Uncle Remus telling a story (ca. 1920) by Norman Rockwll (1894-1978), oil and charcol on board, 20” x 21”

When I was little my daddy would read me stories from Uncle Remus by Joel Chandler Harris. One of my favorite tales was the story of Brer Rabbit and the Tar Baby. You can read the story here.

Sly ol’ Brer Fox made a doll out of tar and put clothes on it and set it by the road to trap Brer Rabbit. Brer Rabbit comes down the road. He sees Tar Baby and greets him.

“Mawnin’!”sez Brer Rabbit, sezee –“nice wedder dis mawnin’,” sezee.

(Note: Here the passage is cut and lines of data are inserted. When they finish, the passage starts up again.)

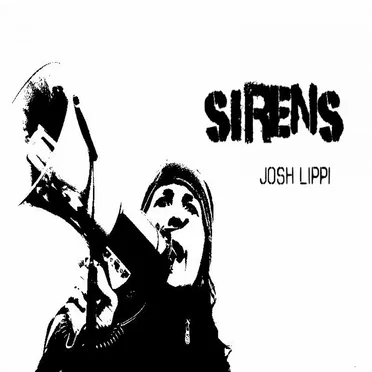 SIRENS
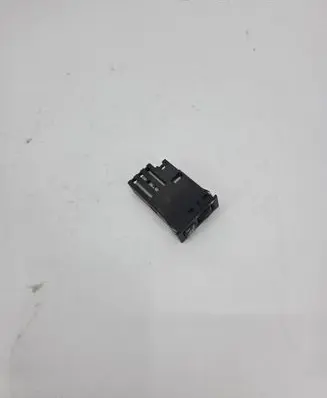 BMW 7 E38 Seat heating switch 61318352259 459500 03055000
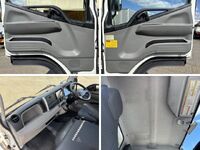 MITSUBISHI FUSO Canter Dump TPG-FBA30 2016 33,864km_32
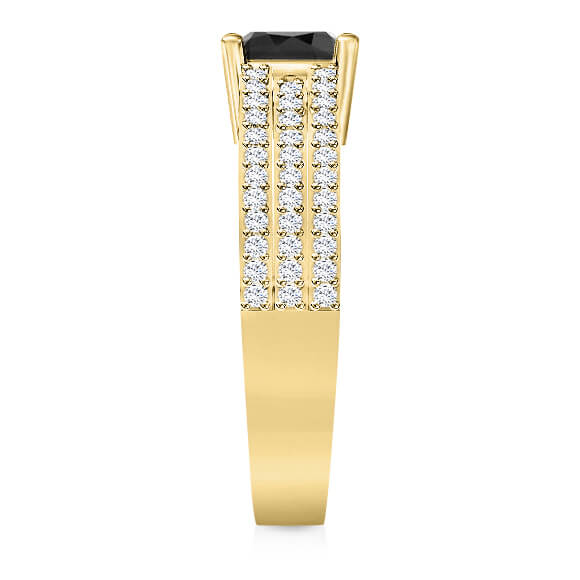 https://www.goldiam.co.il/sites/default/files/D49094-1-S_yellowgold_blackdiamond.jpg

When Tar Baby doesn’t reply, Brer Rabbit takes its silence for insolence and decides to teach him some manners. Brer Rabbit hits Tar Baby upside his head and his fist gets stuck. This makes Brer Rabbit even madder, so he hits him with the other hand, which also gets stuck. Soon Brer Rabbit is stuck all over Tar Baby and can’t get loose. He’s caught. Brer Fox can get rid of Brer Rabbit once and for all.

The story continues but I’ll stop there to make a spiritual connection. The world is full of Tar Babies. If we try to make them do what we think they should, we’re bound to come out the worse for it.

What is the Christian response to evil people in the world? Off with their heads? No. Jesus said leave them alone. Let God take care of them. That’s what the Gospel Lesson for today is about. You can read it here.

In Matthew 13:24-30 and 36-43, Jesus tells a parable about wheat and weeds to teach us it’s not our job to judge who are children of God and who are offspring of the devil. They’re hard to tell apart, just like the wheat and darnel weeds or “tares” when both are small.

Toleration is what Jesus prescribed, not crusading. Try to punish sinners and you’ll get stuck, like Brer Rabbit and Tar Baby. It’s best to leave criminal justice to the state and divine justice to God.

Our job as Christians is not to be the world’s moral police force. We’re called to be wheat. That’s hard enough. Weather the storms. Compete with the weeds. Grow. Bear fruit.

The best thing we can do for God is to be what he’s called us to be.


1 Comment

Filed under sermons

One response to “Tar Baby

  1. Kristi

    As I was listening to the homily yesterday, I was also struck with the fact that all of us are a combination of wheat and tares – good and bad all mixed up.